Tools to save us from ourselves

By Valérie Thibodaux

In 1991, the FAA issued Advisory Circular 60-22, “Aeronautical Decision Making.” It presented 12 years of study and testing, and brought concepts such as risk management, systematic decision making, and cockpit resource management to general aviation.

Illustration by Peter and Maria HoeyIt also identified five attitudes found over and over again in poor judgment chains and accidents, described as anti-authority (Don’t tell me), impulsivity (Do something quickly), invulnerability (It won’t happen to me), macho (I can do it), and resignation (What’s the use?). For each dangerous attitude, pilots were instructed to think or say a specific sentence to themselves, as an “antidote.” The study found that this procedure improved pilot performance over time, and reduced hazardous patterns that led to bad decisions. It was triumphantly published, became part of the human factors curriculum, and the FAA left it at that.

In two and a half decades, nothing about it has changed, not even the words. The AC material is printed in the Pilot’s Handbook of Aeronautical Knowledge, in every pilot textbook from student to CFI, and in airman certification standards—in many of these, the original language is copied verbatim.

Unfortunately, this approach doesn’t work for general aviation. Once read, it is usually pushed aside while pilots pursue more tangible skills. Even if a vigilant pilot wanted to research the complexities of attitude further, where can you go for greater understanding when our training hasn’t advanced since the 1990s?
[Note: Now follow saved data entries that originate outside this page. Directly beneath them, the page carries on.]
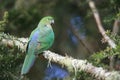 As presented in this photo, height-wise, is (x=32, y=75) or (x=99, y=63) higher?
(x=32, y=75)

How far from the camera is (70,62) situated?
319cm

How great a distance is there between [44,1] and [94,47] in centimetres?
120

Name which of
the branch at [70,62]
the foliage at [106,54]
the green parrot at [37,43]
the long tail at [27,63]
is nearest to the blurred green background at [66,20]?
the green parrot at [37,43]

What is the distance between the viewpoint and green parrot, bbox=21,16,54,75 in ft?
11.4

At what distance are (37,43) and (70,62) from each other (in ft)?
→ 2.07

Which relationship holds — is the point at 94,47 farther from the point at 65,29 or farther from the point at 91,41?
the point at 65,29

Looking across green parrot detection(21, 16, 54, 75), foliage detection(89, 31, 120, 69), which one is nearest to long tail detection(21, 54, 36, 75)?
green parrot detection(21, 16, 54, 75)

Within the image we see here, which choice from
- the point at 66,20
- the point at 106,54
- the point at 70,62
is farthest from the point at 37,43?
the point at 66,20

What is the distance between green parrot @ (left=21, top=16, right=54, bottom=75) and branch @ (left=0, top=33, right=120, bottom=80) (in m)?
0.09

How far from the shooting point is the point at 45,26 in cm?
405

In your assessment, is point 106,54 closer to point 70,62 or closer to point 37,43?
point 70,62

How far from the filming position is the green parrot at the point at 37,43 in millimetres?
3471

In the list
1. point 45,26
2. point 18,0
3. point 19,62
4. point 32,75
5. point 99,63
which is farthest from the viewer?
point 18,0

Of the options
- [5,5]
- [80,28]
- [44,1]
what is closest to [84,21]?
[80,28] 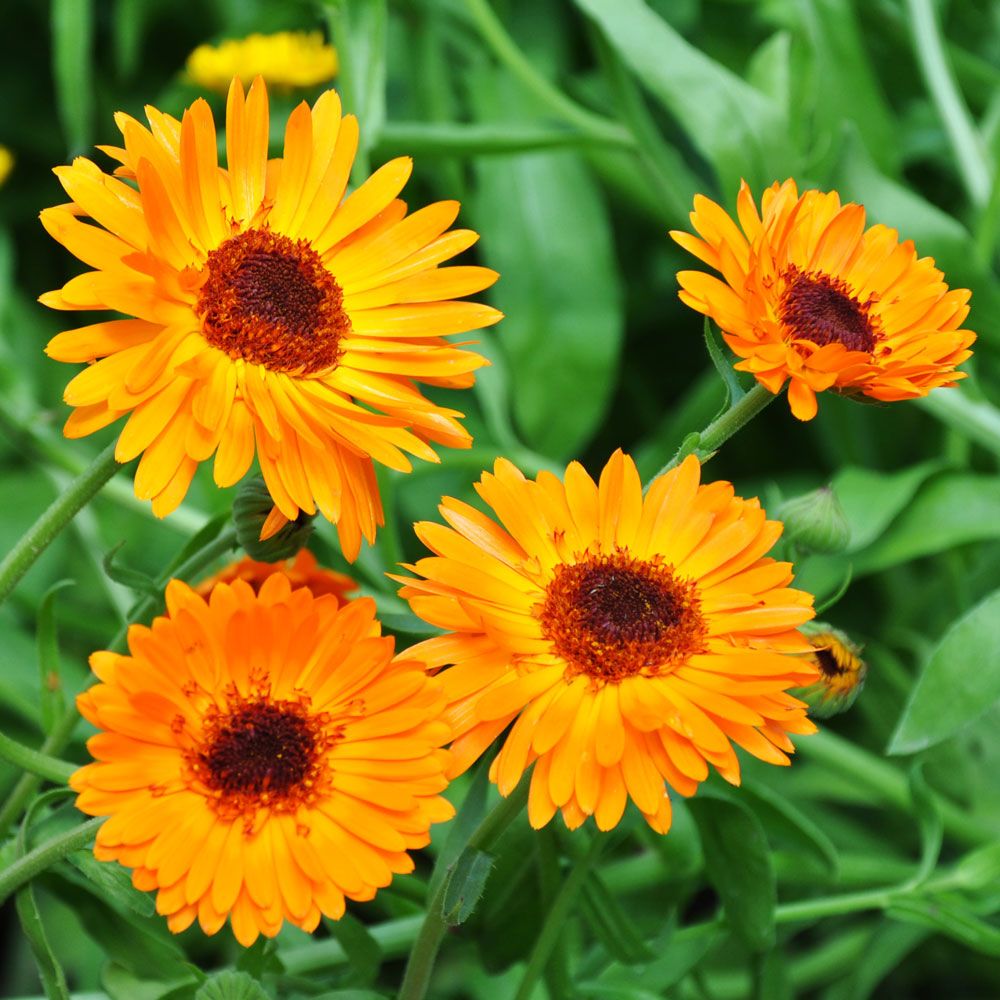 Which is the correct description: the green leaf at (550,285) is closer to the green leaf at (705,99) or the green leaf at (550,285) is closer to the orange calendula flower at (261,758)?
the green leaf at (705,99)

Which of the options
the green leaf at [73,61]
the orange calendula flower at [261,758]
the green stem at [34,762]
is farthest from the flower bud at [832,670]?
the green leaf at [73,61]

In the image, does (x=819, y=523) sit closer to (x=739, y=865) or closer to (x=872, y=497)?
(x=739, y=865)

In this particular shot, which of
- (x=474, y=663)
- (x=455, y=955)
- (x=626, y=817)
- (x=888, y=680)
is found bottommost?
(x=455, y=955)

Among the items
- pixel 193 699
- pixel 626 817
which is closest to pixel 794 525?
pixel 626 817

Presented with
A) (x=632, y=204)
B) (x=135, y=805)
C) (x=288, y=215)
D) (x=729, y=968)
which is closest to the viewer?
(x=135, y=805)

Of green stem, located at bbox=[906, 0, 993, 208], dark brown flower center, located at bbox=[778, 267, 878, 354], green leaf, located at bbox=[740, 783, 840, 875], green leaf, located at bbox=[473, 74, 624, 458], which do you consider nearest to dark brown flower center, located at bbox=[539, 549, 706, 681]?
dark brown flower center, located at bbox=[778, 267, 878, 354]

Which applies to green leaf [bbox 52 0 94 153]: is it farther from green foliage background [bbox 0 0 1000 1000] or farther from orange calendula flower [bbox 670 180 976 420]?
orange calendula flower [bbox 670 180 976 420]

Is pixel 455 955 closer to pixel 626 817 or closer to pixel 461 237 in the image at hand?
pixel 626 817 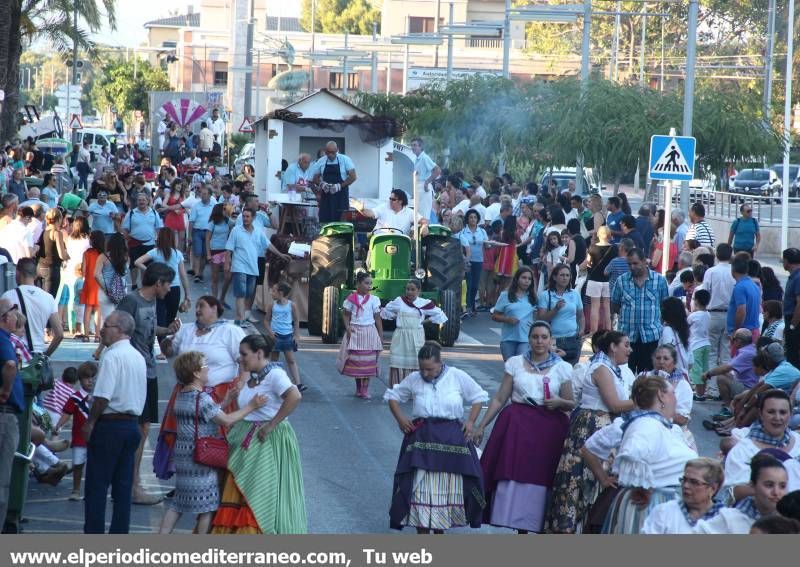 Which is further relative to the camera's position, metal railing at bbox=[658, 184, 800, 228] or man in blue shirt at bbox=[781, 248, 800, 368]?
metal railing at bbox=[658, 184, 800, 228]

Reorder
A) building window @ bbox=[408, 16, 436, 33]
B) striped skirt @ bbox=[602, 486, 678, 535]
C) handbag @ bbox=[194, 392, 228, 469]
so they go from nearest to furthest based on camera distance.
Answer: striped skirt @ bbox=[602, 486, 678, 535], handbag @ bbox=[194, 392, 228, 469], building window @ bbox=[408, 16, 436, 33]

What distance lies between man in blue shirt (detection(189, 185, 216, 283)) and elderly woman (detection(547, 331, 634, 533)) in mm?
16056

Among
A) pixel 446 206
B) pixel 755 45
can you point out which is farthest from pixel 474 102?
pixel 755 45

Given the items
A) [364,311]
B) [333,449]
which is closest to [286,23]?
[364,311]

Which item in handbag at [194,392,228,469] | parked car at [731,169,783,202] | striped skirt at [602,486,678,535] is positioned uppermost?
parked car at [731,169,783,202]

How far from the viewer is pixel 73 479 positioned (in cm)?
1125

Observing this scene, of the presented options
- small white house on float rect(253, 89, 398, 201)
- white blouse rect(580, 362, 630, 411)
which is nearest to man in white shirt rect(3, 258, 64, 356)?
white blouse rect(580, 362, 630, 411)

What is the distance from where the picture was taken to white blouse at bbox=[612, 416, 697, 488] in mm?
8141

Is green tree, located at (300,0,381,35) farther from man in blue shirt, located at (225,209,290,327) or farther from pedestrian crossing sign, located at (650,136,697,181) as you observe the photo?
pedestrian crossing sign, located at (650,136,697,181)

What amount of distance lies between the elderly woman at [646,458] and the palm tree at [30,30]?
79.8ft

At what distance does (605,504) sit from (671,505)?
1478 mm

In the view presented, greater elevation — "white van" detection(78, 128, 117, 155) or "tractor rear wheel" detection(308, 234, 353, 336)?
"white van" detection(78, 128, 117, 155)

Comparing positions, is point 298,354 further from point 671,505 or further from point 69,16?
point 69,16

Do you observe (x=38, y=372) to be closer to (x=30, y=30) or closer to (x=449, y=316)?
(x=449, y=316) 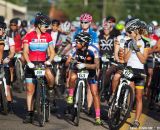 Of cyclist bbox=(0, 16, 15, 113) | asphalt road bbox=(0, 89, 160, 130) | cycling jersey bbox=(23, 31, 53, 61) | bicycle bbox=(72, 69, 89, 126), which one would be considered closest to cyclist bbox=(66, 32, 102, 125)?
bicycle bbox=(72, 69, 89, 126)

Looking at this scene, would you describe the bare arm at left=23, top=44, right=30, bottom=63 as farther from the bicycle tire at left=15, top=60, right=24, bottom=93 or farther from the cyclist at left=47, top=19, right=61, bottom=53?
the cyclist at left=47, top=19, right=61, bottom=53

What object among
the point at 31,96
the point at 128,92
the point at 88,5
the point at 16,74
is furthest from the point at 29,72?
the point at 88,5

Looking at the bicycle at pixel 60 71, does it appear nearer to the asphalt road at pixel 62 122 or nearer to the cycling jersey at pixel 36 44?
the asphalt road at pixel 62 122

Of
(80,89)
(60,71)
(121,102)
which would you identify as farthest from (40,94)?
(60,71)

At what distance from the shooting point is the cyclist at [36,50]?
38.0ft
Two problems have to be solved before knowledge of hazardous attitudes can make us safer pilots: The prescribed procedure doesn’t work well in the GA cockpit, and standard teaching of hazardous attitudes is ineffective.
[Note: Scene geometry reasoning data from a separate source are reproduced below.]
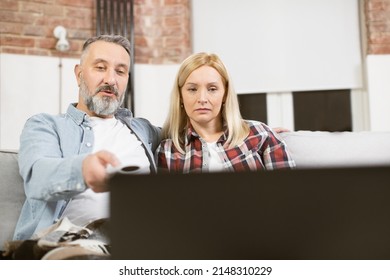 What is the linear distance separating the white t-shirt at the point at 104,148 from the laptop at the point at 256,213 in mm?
745

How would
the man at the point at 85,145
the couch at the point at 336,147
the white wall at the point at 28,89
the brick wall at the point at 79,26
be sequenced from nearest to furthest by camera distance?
the man at the point at 85,145 → the couch at the point at 336,147 → the white wall at the point at 28,89 → the brick wall at the point at 79,26

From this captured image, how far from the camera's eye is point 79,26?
3471 millimetres

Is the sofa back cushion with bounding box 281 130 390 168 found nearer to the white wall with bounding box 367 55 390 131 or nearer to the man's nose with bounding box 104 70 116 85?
the man's nose with bounding box 104 70 116 85

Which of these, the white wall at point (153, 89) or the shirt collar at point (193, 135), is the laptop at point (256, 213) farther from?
the white wall at point (153, 89)

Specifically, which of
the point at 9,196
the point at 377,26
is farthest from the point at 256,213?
the point at 377,26

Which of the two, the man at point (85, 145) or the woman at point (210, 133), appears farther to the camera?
the woman at point (210, 133)

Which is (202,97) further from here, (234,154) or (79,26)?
(79,26)

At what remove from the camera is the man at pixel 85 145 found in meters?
1.09

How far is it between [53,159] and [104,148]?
0.98ft

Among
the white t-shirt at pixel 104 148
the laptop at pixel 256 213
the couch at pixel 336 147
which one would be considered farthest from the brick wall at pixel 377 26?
the laptop at pixel 256 213

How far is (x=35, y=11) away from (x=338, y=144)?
2.50 m

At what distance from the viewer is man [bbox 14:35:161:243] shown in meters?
1.09

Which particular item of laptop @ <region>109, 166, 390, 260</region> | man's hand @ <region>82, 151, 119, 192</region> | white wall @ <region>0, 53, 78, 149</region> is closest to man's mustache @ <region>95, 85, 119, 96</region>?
man's hand @ <region>82, 151, 119, 192</region>

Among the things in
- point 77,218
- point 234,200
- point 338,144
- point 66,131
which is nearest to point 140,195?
point 234,200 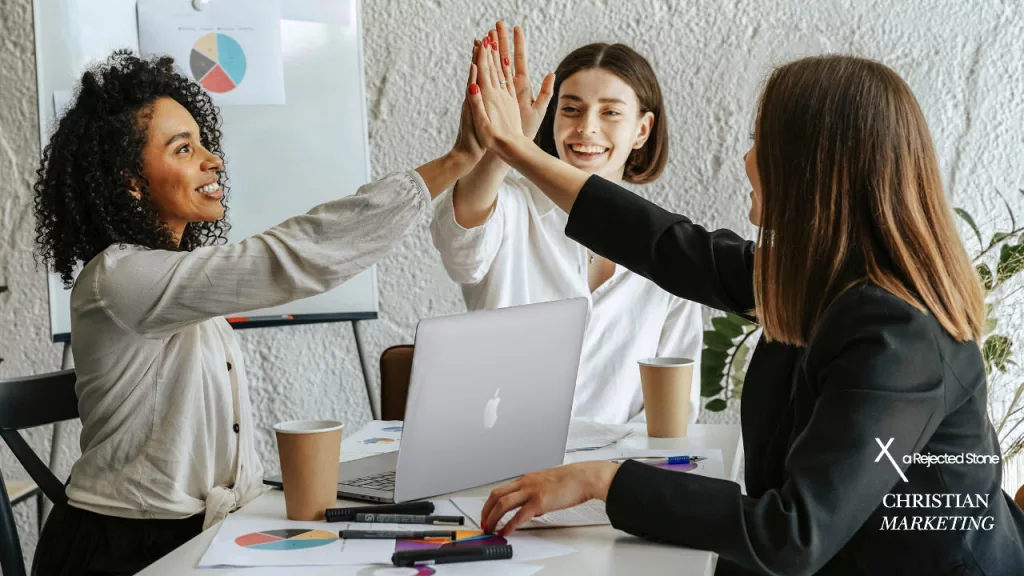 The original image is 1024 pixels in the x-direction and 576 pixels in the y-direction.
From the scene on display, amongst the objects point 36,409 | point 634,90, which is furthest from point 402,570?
point 634,90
“Identify the thought as hazardous and apply the appropriate antidote” is the core of attitude training, and one reason it isn’t used much in GA could be the key to improving it. Reading the original advisory circular, there is a strong implication that this procedure was developed and proven in the learning environment. Human performance researchers are identifying a “learning zone” and a “performance zone,” and showing how they have different goals, different requirements, and different applications in life.

In flying, they are fairly easy to grasp—when we are getting initial training or a flight review, the circumstances and goals of the flight usually are very different than our everyday flying will be post-certificate. In flying’s learning zone—primarily dual instruction—the focus is on improving skills, going out of comfort zones, and simulating rare and unexpected events, all with the benefit of another experienced aviator providing backup and perspective. In the performance zone we are focused on executing plans, demonstrating skills, and minimizing mistakes, such as quickly getting to the next airport for the $100 hamburger and touching down on the numbers.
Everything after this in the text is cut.